In general relativity, the continuity equation says $$ \partial_{\mu}\left(\rho_0c\dfrac{dx^{\mu}}{ds}\sqrt{-g}\right) = 0 $$
with $\rho_0$ being the proper density, as seen by an observer who is at rest with respect to the matter.
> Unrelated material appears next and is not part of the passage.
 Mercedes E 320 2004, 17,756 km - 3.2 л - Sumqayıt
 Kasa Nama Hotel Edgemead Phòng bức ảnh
This is a general-relativistic version of $$ \partial_{\mu}\left(\dfrac{\rho_0}{\sqrt{1-\tfrac{v^2}{c^2}}}\dfrac{dx^{\mu}}{dt}\right) = 0 $$
which in turn, is a lorentz-covariant version of $$ \partial_{\mu}\left(\rho_0\dfrac{dx^{\mu}}{dt}\right) = 0. $$
I can understand the physical intuition behind the second one. An observer who looks at a given volume element and sees matter moving at speed $v$ will perceive a lorentz contracted piece of matter with density equal to $$ \dfrac{\rho_0}{\sqrt{1-\tfrac{v^2}{c^2}}}. $$
However, I don't see the motivation for the first equation (apart from imposing general covariance on the second one). The matter density there seems equal to $$ \dfrac{\rho_0c}{\sqrt{\dfrac{dx^{\mu}}{dt}g_{\mu\nu}\dfrac{dx^{\nu}}{dt}}}\sqrt{-g} $$
but I am at a loss as to why.